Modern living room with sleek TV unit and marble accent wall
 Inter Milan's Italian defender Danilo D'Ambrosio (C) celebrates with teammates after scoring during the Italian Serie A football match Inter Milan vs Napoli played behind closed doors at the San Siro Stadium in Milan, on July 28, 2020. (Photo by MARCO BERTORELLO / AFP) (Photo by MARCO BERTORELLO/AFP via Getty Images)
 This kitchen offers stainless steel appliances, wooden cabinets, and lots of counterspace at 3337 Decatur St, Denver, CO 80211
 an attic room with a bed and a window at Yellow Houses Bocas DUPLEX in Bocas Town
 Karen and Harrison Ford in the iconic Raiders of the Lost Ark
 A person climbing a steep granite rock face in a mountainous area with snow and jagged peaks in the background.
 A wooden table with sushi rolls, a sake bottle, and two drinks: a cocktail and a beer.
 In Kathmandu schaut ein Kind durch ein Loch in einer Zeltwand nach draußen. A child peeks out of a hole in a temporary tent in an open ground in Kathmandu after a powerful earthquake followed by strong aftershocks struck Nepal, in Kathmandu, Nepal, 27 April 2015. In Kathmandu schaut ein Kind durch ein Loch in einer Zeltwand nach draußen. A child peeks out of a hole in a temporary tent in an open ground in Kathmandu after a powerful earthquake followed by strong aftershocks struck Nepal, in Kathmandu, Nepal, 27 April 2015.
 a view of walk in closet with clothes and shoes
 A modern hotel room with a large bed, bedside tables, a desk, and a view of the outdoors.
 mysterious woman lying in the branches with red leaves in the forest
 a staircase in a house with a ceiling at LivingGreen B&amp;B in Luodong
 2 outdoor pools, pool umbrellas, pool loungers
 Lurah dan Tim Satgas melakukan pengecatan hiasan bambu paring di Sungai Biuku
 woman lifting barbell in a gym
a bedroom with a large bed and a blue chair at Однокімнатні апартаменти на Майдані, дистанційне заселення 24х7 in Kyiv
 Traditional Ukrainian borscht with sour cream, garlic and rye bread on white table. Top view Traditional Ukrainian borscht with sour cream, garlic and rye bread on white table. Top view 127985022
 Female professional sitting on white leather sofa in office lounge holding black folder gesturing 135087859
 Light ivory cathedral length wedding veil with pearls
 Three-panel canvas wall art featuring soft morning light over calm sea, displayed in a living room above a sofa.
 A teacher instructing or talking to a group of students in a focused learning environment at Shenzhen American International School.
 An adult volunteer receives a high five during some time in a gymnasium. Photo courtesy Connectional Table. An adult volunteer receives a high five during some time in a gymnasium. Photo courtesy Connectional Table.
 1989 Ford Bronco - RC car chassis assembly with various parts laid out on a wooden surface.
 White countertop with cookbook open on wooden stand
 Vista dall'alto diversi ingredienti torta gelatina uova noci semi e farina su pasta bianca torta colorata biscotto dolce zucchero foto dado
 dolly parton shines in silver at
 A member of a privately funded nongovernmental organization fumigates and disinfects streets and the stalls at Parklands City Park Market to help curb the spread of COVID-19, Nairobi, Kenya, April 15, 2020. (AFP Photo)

-=-=-=-=-

▸ **TRY IT**
Copy out all lines of the listing where the word "wall" appears.

▸ **RESPONSE TO THIS TASK**
Modern living room with sleek TV unit and marble accent wall
 Three-panel canvas wall art featuring soft morning light over calm sea, displayed in a living room above a sofa.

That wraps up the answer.